Dataset excerpts
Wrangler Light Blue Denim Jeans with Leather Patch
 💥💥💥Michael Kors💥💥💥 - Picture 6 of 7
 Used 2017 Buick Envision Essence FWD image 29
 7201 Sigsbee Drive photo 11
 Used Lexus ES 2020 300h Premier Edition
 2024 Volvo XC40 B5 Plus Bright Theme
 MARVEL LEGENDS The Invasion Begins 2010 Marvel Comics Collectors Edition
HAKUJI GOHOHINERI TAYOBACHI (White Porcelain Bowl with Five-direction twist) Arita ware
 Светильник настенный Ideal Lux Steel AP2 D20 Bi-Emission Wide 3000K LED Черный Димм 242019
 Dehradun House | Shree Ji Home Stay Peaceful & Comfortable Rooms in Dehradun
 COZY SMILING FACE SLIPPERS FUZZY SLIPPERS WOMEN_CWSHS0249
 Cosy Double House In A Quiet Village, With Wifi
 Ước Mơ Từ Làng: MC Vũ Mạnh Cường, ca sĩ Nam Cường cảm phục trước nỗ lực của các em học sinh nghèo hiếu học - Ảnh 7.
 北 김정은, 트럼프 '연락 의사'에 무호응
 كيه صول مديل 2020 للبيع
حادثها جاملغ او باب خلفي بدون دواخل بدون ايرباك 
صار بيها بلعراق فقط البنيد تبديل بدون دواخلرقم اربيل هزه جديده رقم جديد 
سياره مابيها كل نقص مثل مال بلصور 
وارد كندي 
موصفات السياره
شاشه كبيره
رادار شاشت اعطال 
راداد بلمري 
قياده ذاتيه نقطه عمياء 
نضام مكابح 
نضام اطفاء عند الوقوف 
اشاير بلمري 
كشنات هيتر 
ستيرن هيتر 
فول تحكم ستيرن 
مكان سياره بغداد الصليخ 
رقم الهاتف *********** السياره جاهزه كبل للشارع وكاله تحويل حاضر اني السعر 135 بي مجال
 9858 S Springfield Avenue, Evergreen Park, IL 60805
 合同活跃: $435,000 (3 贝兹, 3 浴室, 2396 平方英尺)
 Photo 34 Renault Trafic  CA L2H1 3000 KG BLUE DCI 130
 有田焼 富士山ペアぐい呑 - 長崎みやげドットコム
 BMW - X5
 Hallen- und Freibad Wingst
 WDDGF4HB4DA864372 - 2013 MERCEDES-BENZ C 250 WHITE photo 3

- _What is being asked_
Output, and output only, the lines from the one containing "Dehradun House |" through the last line of the data above.

- _Exercise result_
 Dehradun House | Shree Ji Home Stay Peaceful & Comfortable Rooms in Dehradun
 COZY SMILING FACE SLIPPERS FUZZY SLIPPERS WOMEN_CWSHS0249
 Cosy Double House In A Quiet Village, With Wifi
 Ước Mơ Từ Làng: MC Vũ Mạnh Cường, ca sĩ Nam Cường cảm phục trước nỗ lực của các em học sinh nghèo hiếu học - Ảnh 7.
 北 김정은, 트럼프 '연락 의사'에 무호응
 كيه صول مديل 2020 للبيع
حادثها جاملغ او باب خلفي بدون دواخل بدون ايرباك 
صار بيها بلعراق فقط البنيد تبديل بدون دواخلرقم اربيل هزه جديده رقم جديد 
سياره مابيها كل نقص مثل مال بلصور 
وارد كندي 
موصفات السياره
شاشه كبيره
رادار شاشت اعطال 
راداد بلمري 
قياده ذاتيه نقطه عمياء 
نضام مكابح 
نضام اطفاء عند الوقوف 
اشاير بلمري 
كشنات هيتر 
ستيرن هيتر 
فول تحكم ستيرن 
مكان سياره بغداد الصليخ 
رقم الهاتف *********** السياره جاهزه كبل للشارع وكاله تحويل حاضر اني السعر 135 بي مجال
 9858 S Springfield Avenue, Evergreen Park, IL 60805
 合同活跃: $435,000 (3 贝兹, 3 浴室, 2396 平方英尺)
 Photo 34 Renault Trafic  CA L2H1 3000 KG BLUE DCI 130
 有田焼 富士山ペアぐい呑 - 長崎みやげドットコム
 BMW - X5
 Hallen- und Freibad Wingst
 WDDGF4HB4DA864372 - 2013 MERCEDES-BENZ C 250 WHITE photo 3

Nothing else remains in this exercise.